» Exercise directions
The full listing should be written out verbatim, and its images should be dropped.

(Information shown)

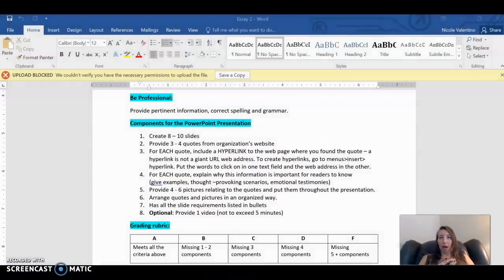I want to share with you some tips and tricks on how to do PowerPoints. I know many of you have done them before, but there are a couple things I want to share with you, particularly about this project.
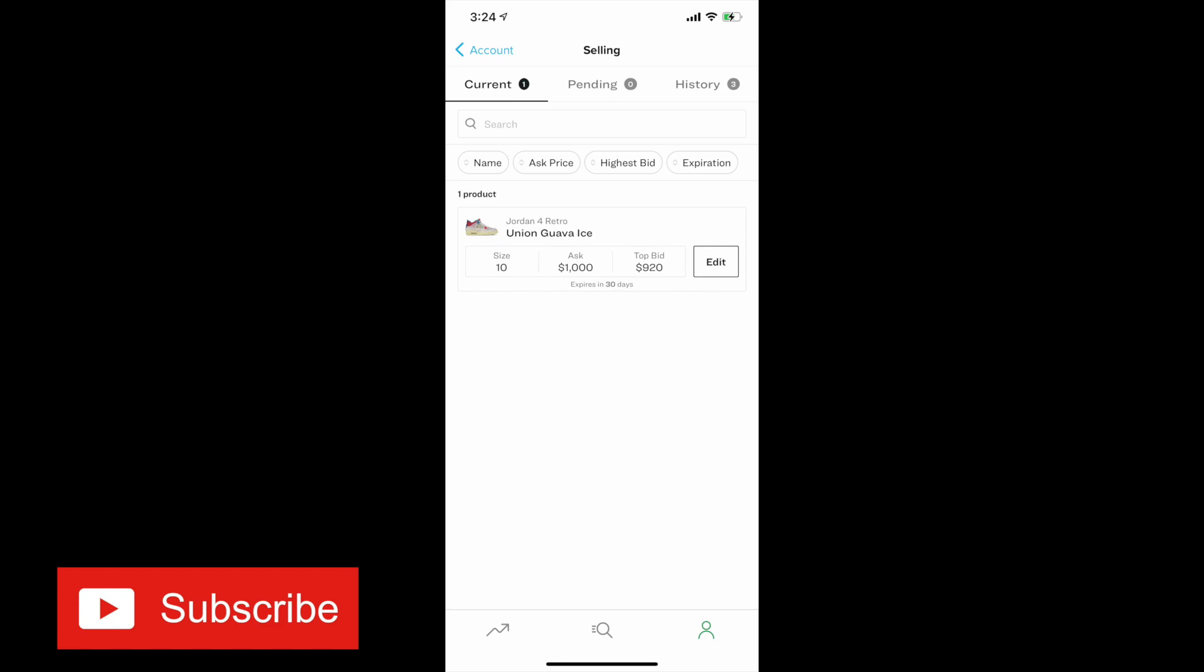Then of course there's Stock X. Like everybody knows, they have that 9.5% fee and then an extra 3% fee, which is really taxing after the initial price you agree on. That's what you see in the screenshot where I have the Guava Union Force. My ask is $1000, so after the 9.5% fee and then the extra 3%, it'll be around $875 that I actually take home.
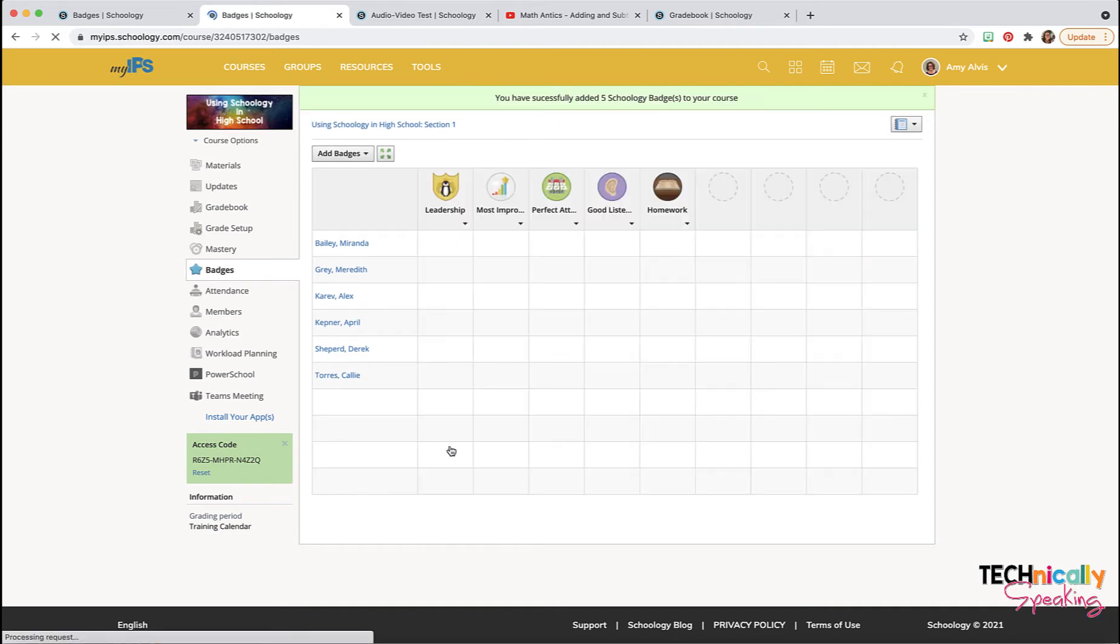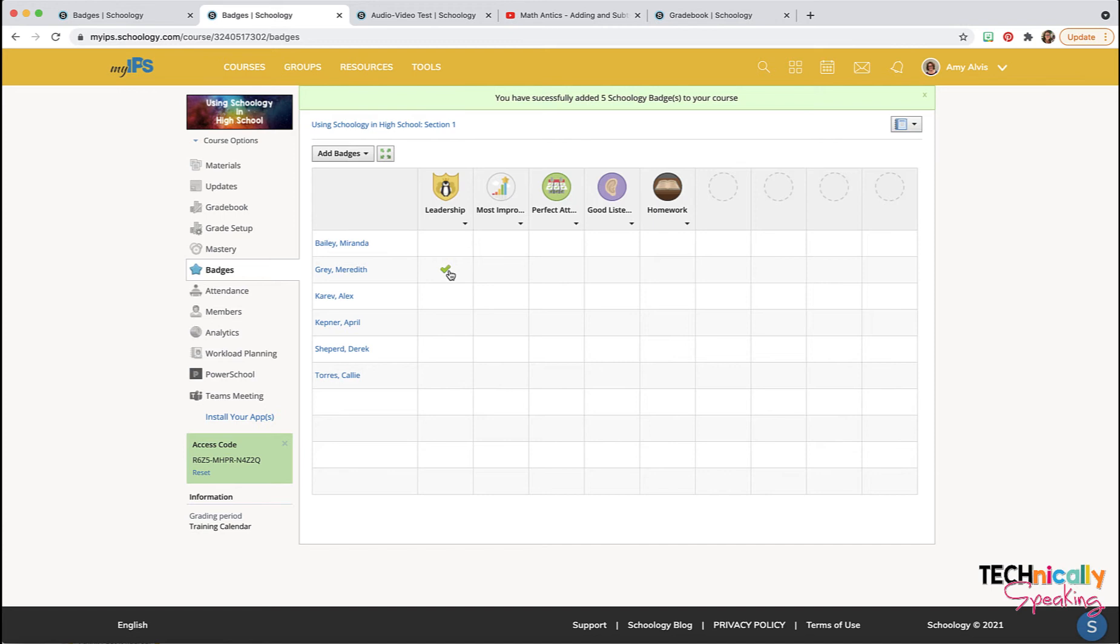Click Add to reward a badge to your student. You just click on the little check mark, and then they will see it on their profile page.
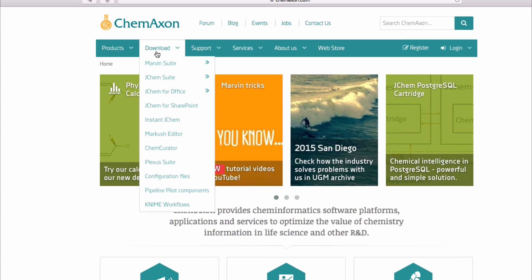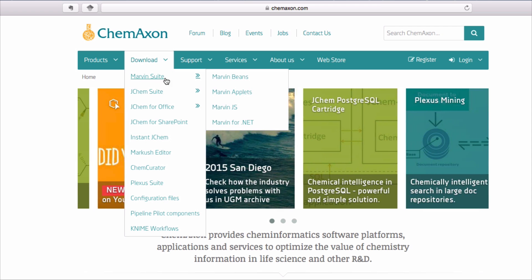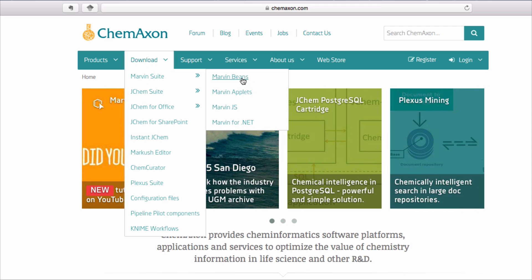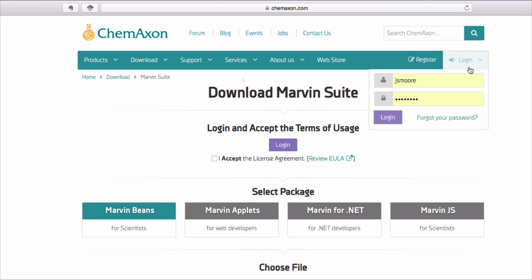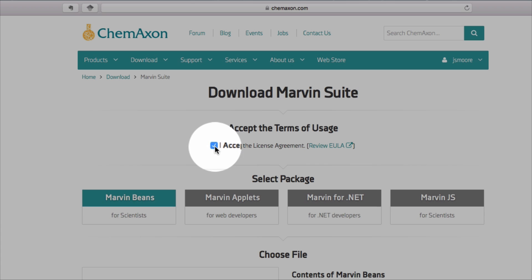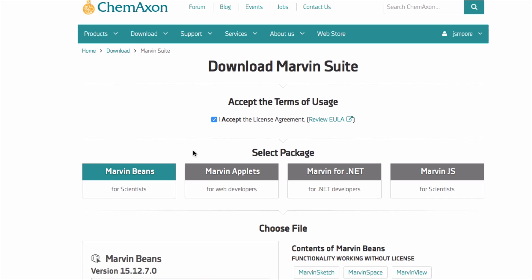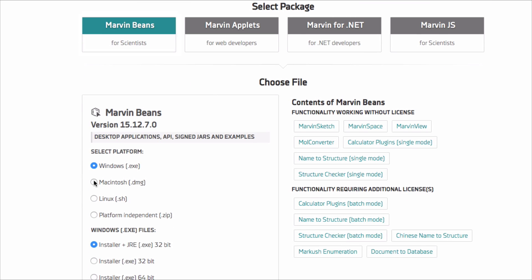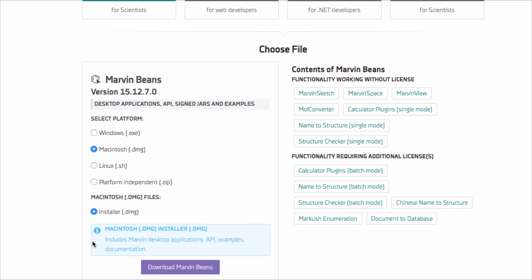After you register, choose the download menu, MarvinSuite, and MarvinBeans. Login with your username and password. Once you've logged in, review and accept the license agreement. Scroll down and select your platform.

(End Information shown)

» Answer space
I want to share with you some tips and tricks on how to do PowerPoints. I know many of you have done them before, but there are a couple things I want to share with you, particularly about this project.
Then of course there's Stock X. Like everybody knows, they have that 9.5% fee and then an extra 3% fee, which is really taxing after the initial price you agree on. That's what you see in the screenshot where I have the Guava Union Force. My ask is $1000, so after the 9.5% fee and then the extra 3%, it'll be around $875 that I actually take home.
Click Add to reward a badge to your student. You just click on the little check mark, and then they will see it on their profile page.
After you register, choose the download menu, MarvinSuite, and MarvinBeans. Login with your username and password. Once you've logged in, review and accept the license agreement. Scroll down and select your platform.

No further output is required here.